I really loved that. It helped shift my thinking and I admire when people can present situations back in an optimistic way. Total kudos to that guy.

From what  I observed of the others in my group and what I personally experienced as well here are my Top Five tips on getting started:

  1. Understand your why: It’s incredibly critical you know your intent for strength training. Even if it as simple as you want to fit those jeans you bought a year ago or you need to shed some body fat and build muscle tone – great! I say this, because your why is the elixir that will get you to the gym after a hard day at work, drive you out of bed at 6am if you train early, head off on your lunch break instead of eating at your desk and most importantly get you to your end goal. My why is STRONG. I’ve sustained a chronic shoulder injury, torn hamstring and long periods of sitting (ah, the by-product of writing) – so STRONG is a word I use to remind me why I doing this. I am determined to build a functionally fit body, strengthen my discipline and walk around in a crop top (just kidding, scrap that last bit).
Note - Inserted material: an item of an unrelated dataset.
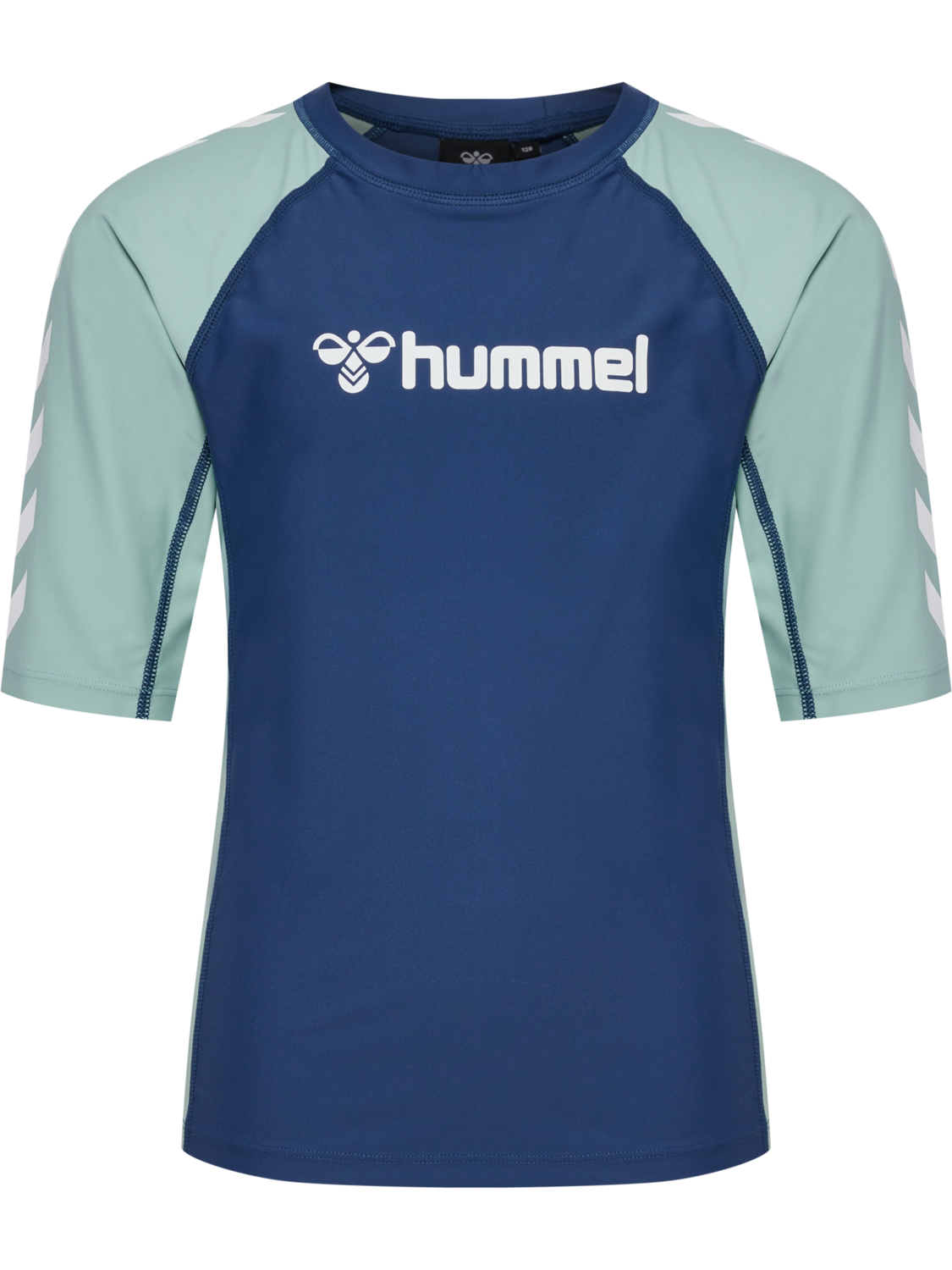 hmlFIJI SWIM TEE, DARK DENIM, packshot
  2. Get accountable: Whether you join an online group, form a pact with friends, engage your partner or kids – tell someone about your plan and get them involved. People that care about you will care about your health and dreams. Let them be part of your journey or better yet, maybe a buddy to train with. The only reason I was getting myself to the gym to start off with, was because I was accountable to so many people and I do not like letting people down. I’m a part of a team. Now in the third week, I’m actually excited about going to fling iron around. Well – not quite at that stage yet.

  3. Plan and schedule your time: It doesn’t have to be fancy or detailed or rigid. I make recurring appointments in Google Calendar (I use all the Google products) complete with a breakdown of the exercises I need to do. I do this because on that first day, I put what I thought was my program in my bag, turns out it was a blank piece of paper. I couldn’t get into Dropbox through my phone as the internet was down and I was finally able to retrieve my program through my email! I learnt a grave lesson – be prepared and have back ups. We typically always have our phone on us (I use it to listen to music at the gym), so products that sync with your phone are great. That way – you’ll be ready to train always.
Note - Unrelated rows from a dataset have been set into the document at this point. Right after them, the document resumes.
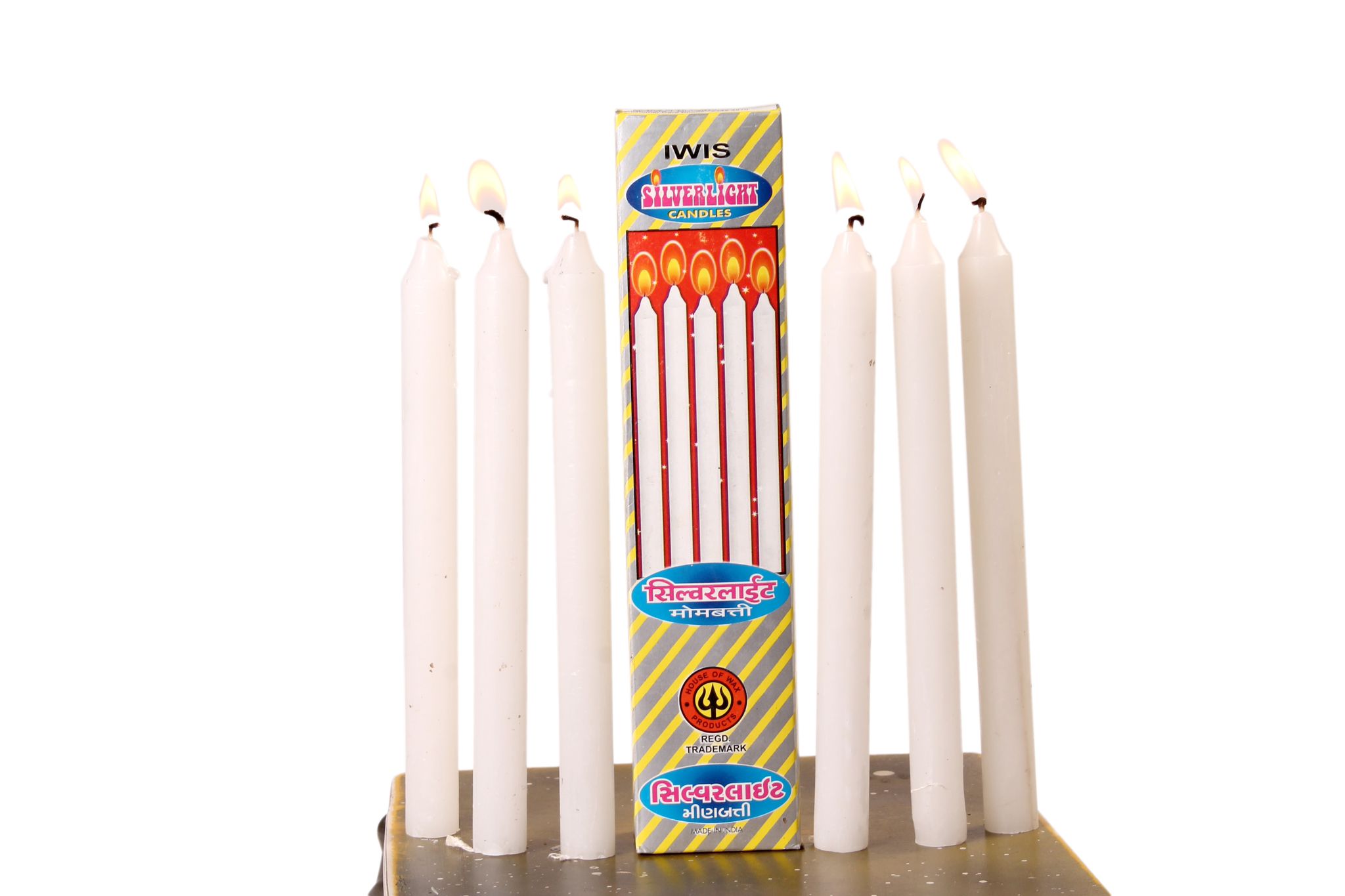 CANDLES-PILLAR CANDLES-WHITE CANDLES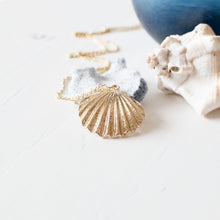 Gold Plated Seashell Necklace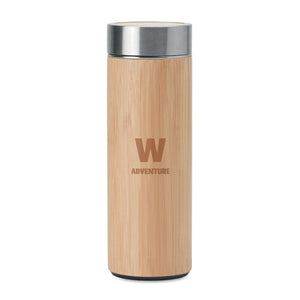 Borraccia doppio strato 400ml beige - personalizzabile con logo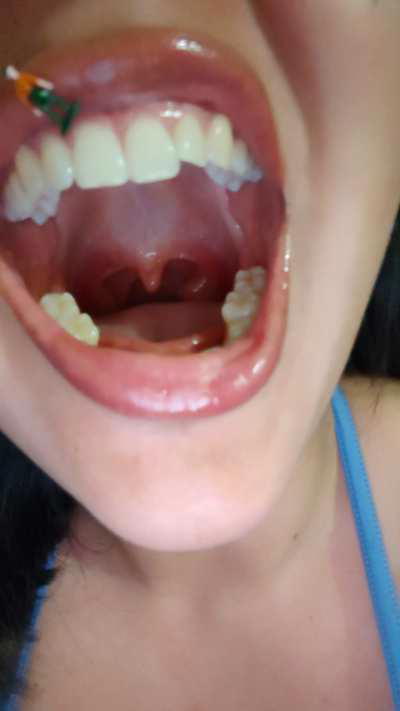 You will be covered in my saliva and my tongue will push it down my throat.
  4. Wear your gym clothes: I know this sounds crazy, but some days if I plan to go at lunch, I will wear my gym clothes to work. Some of you may not be able to do this, but if you can, it is a great way to just go. It really frames your mindset and starts forming a positive habit of going.  If I come home still in my gear and didn’t go, I get a bit disappointed in myself. Trust me, there are plenty of times I think “oh, I have to do all this STUFF!” But it is at that moment I just get up and go. You will be far better for it. I also take a spare change of clothes, in case I get over hanging out in tights and a singlet in the afternoon.

  5. Remember you are you: Where you are at is where you are meant to be and that is great. Too often we get caught up in “oh, she is skinnier than me” “he’s got a better physique” “I can only lift 5kgs” STOP! Starting points are different for everyone and the sole fact you are standing in a gym, training at home, in a park or anywhere really is testament to the fact you are making positive change. I was told years ago by a naturopath to “be kind to yourself “ and to this day it is the best advice I’ve had. Sheesh, the amount of times I berated myself for not doing things, or not being good enough or not being at a point someone else is at is huge. Competitiveness is good, seeing others as competition is not. This is your journey and being present in each training moment is the best way to be. Resistance training and results comes over a period of time, so just chip away.
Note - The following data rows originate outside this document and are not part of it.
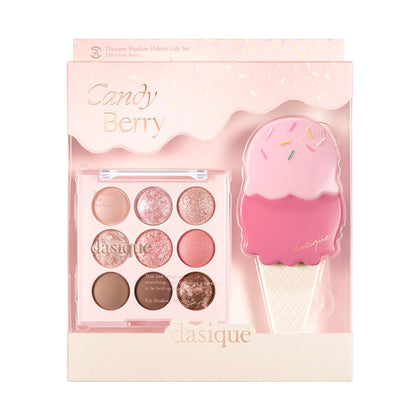 dasique Shadow Palette Gift Set #19 Candy Berry l Vegan, Cruelty-Free l 9 Blendable Shades in Smooth Matte and Shimmer Finishes with Gorgeous Pearls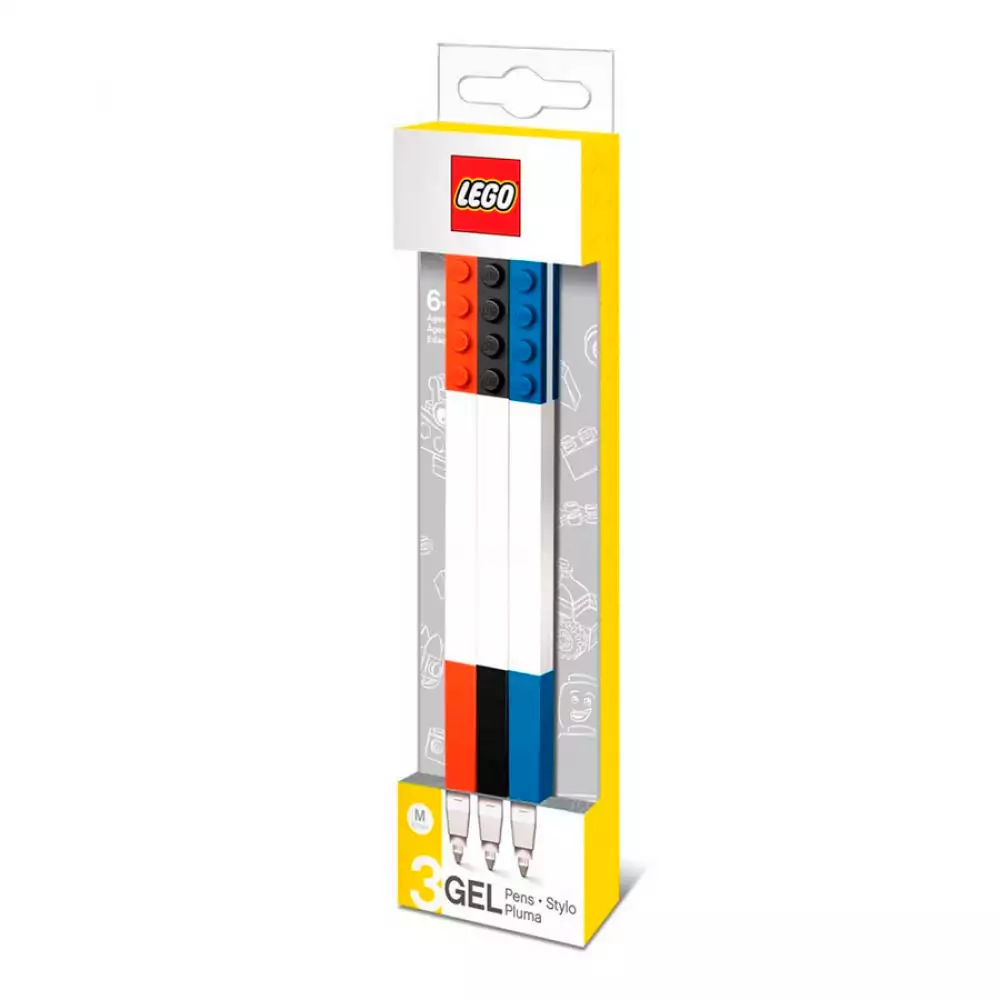 Boligrafos Iconic Gel Pens Lego Set 3 Ahoscssan1003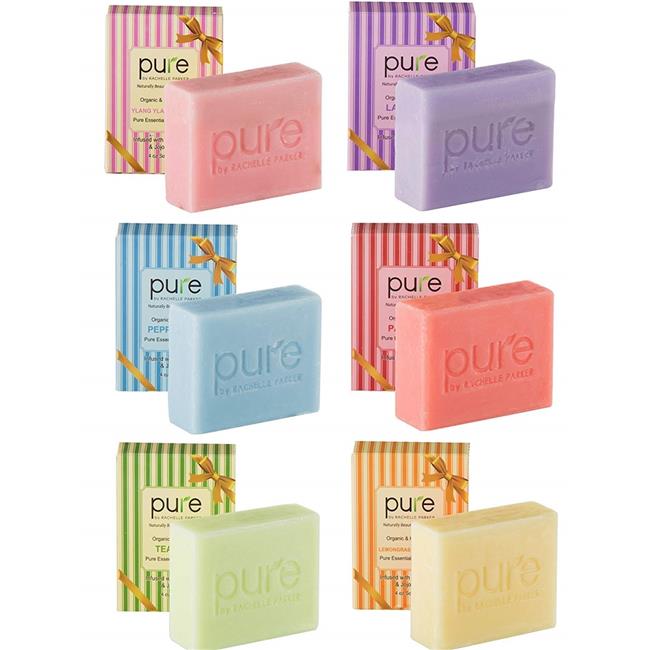 Pure Parker B01LLVHUY0 Natural Handmade Essential Oil Artisan Soap Bars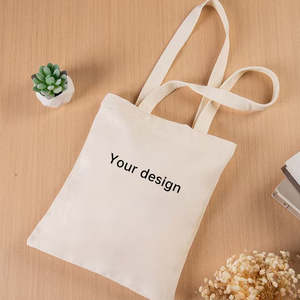 Sacs de shopping en toile de coton polyester réutilisables, écologiques, avec logo personnalisé, cadeaux promotionnels - Product Image 4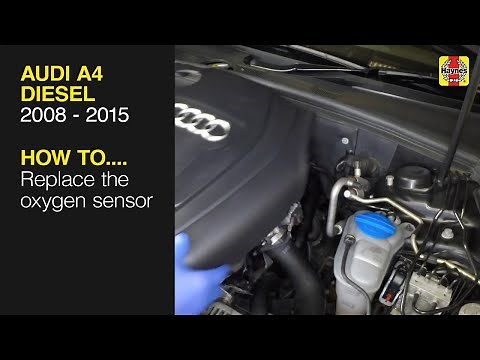 How to replace the oxygen sensor on the Audi A4 2011 to 2016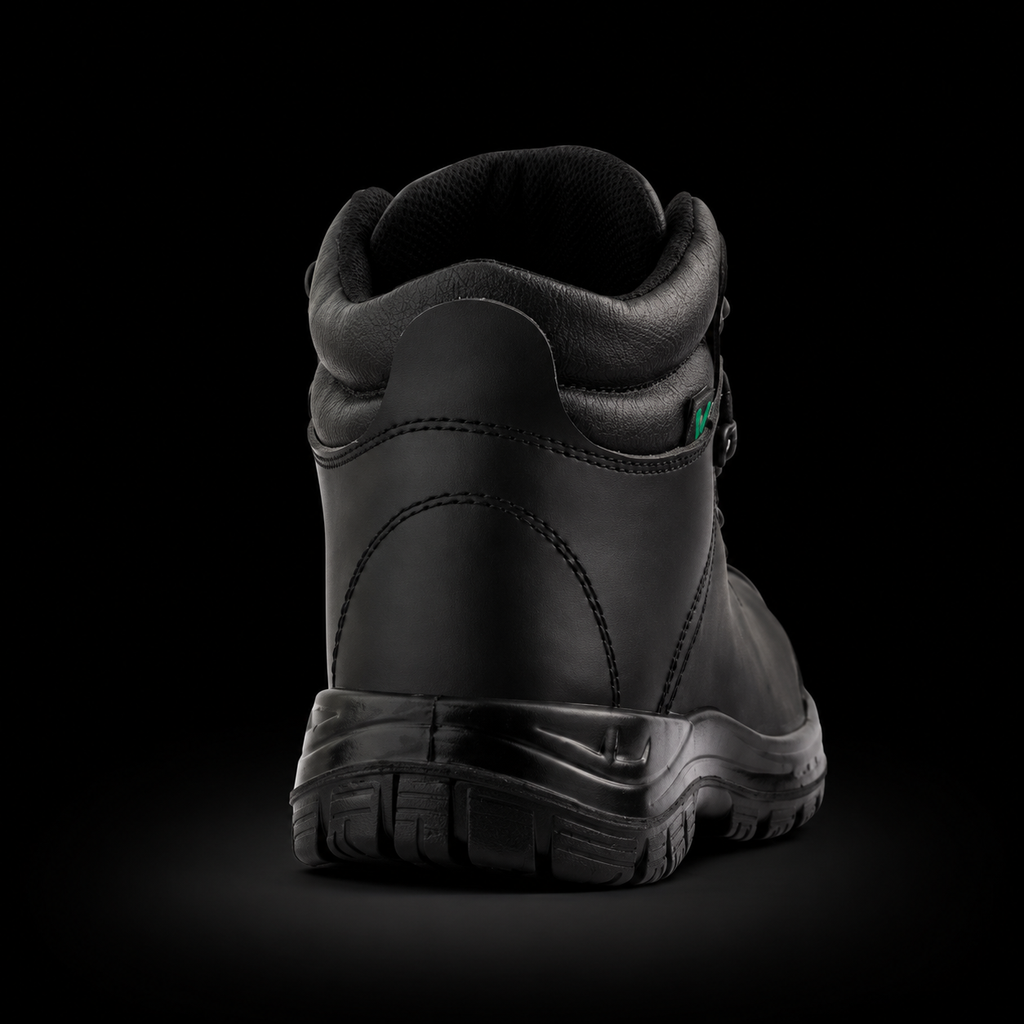 Zapatos de seguridad Omega Negro de cuero con Puntera de Komposite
quotes, motivational quotes

Motivation

This was a long one… phew! But training is all mental (well, yeh it does make us go a bit mental at times too..) Next week will be a quick and easy one – love that. The Top five benefits of programs like these and the top five downsides…. or should that be Bottom five? Ah, someone can fill me in between now and next week. Till then, I’m here to chat if you wanna say hi about your training journey.

Changing Habits, Changing Lives – the hard yards over #Day 28

lentil as anything eggs

You know, it wasn’t so long ago that this was one of my favourite meals (still love the venue, just not the amount of potatoes I was eating!). It seemingly looks harmless and does contain one of my favourite foods – eggs, but unbeknownst to me – the amount and type of food I was eating was not conducive to my overall health. I find it fascinating that we are drawn to food products that ultimately are not the most optimum choice for our wellbeing. On closer thought, you can apply this adage to a number of faculties in life. It’s harder to extricate yourself from that which appears great, to choose that which seems to be hard. But in the long run – becomes so incredibly energising that the misaligned choices (food, people, environments) are no longer in line with your personal health values and you can choose wisely. Great nutrition provides clarity and a clear head.

This is the cornerstone of what I have learned so far in my journey on Changing Habits, Changing Lives. I really got thinking about myself and others that ‘suffer’ from depression, lethargy and sluggish digestive systems. We harnessed the inability to lose weight and refuted the ability to lose it. I just couldn’t be that person anymore. I was tired of myself and of the societal adage’s around depression and nutrition. For me, there had to be an inroad into optimum health and as I much prefer the road less travelled (give me the longest, hardest way to get there and I’ll take it!) taking my health into my own hands appeared to be the most illogical, yet logical choice.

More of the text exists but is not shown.